# CS Gorillas Love Bananas -- Fark Photoshopping Today



## Aaron (Nov 28, 2005)

Fark is doing a *bananas-themed* photoshop contest.

Can you find the cigar-themed mistake on Fark?

I don't have FARK privileges, but this is what *I'd* submit:


----------



## justinphilly-cl (Sep 7, 2005)

now THAT is cool


----------



## Aaron (Nov 28, 2005)

Um, who moved this post here? It has little to do with food. It's a bananas/cigar themed bit of CS-relevant humor.


----------



## Eternal Rider (Feb 27, 2006)

Great looking poster.


----------



## Dr. Stogie Fresh (Nov 18, 2005)

Too funny Aaron.
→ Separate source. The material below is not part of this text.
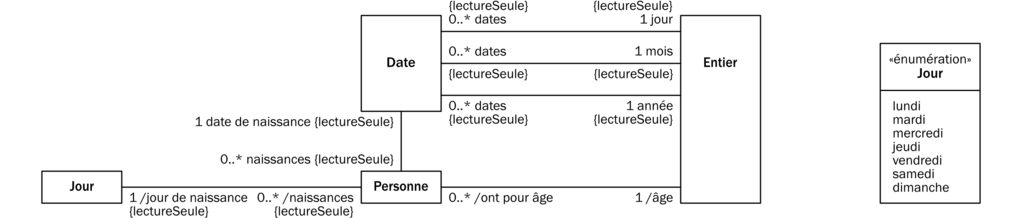 Notation d'EMOF pour les relations dérivées.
You have some skill with Photoshop. I've seen your other photos and you wield a mighty mouse.

Doc


----------



## Aaron (Nov 28, 2005)

I'd still like to know why this was banished to the food forum.
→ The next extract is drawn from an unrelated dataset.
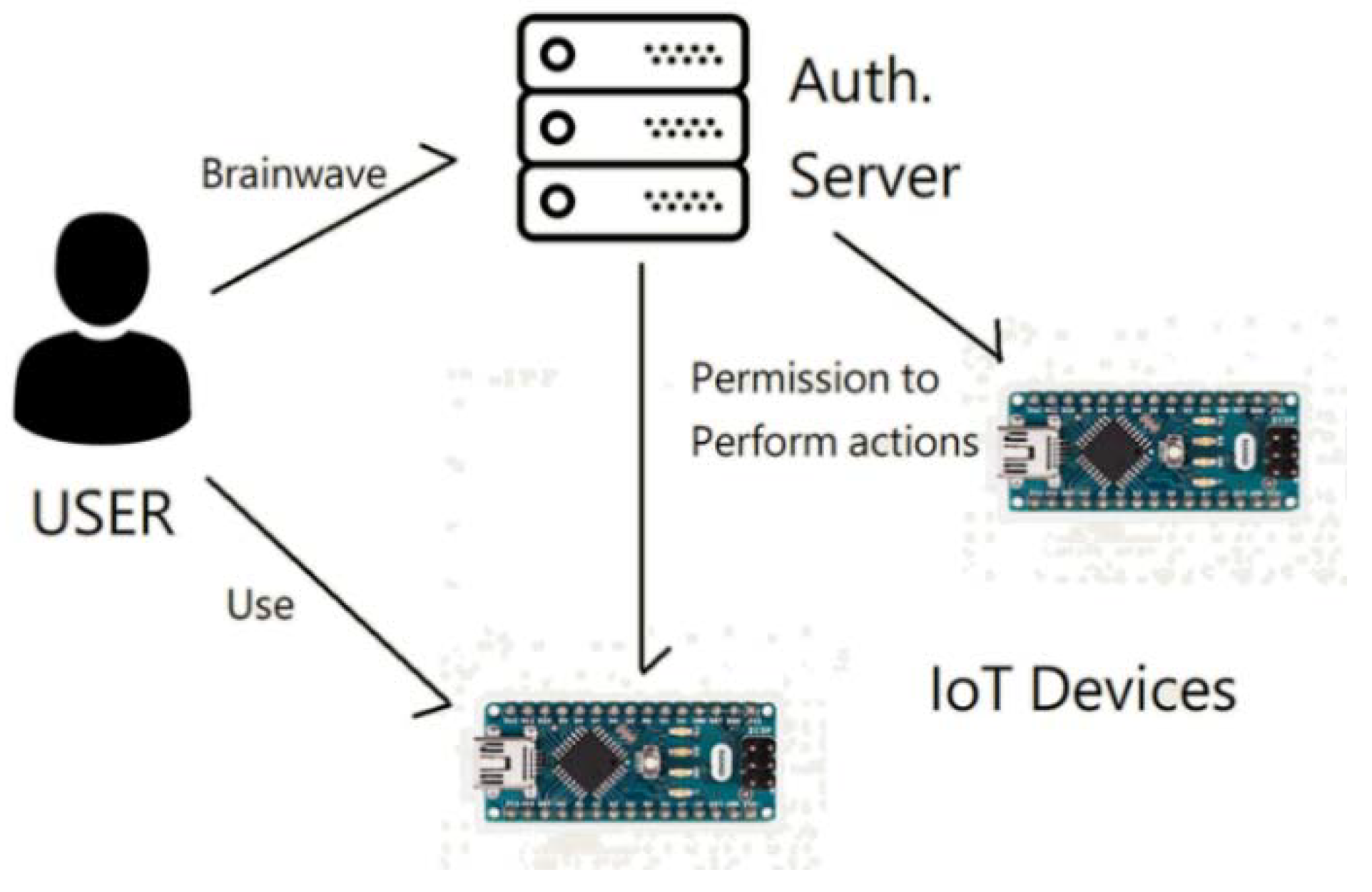 Symmetry 10 00537 g002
Or do all posts mentioning bananas get stuck here? :bx


----------



## Da Klugs (Jan 8, 2005)

Aaron said:


> Um, who moved this post here? It has little to do with food. *It's a bananas/cigar themed bit of CS-relevant humor*.


Apologies. Did you want it in the Jokes forum then?


----------



## pnoon (Jun 8, 2005)

Da Klugs said:


> Apologies. Did you want it in the Jokes forum then?
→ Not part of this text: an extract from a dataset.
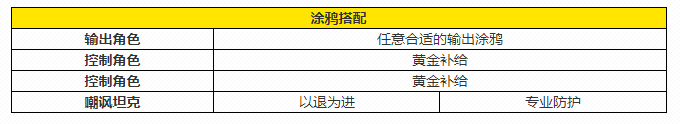 《猫之城》节制流怎么玩？节制流阵容玩法攻略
How about the politics forum?


----------



## SDmate (Apr 24, 2005)

Aaron said:


> Um, who moved this post here? It has little to do with food.


um...all I see is a whole bunch a bananas


----------



## Aaron (Nov 28, 2005)

Da Klugs said:


> Apologies. Did you want it in the Jokes forum then?


That's reasonable. Thanks.


----------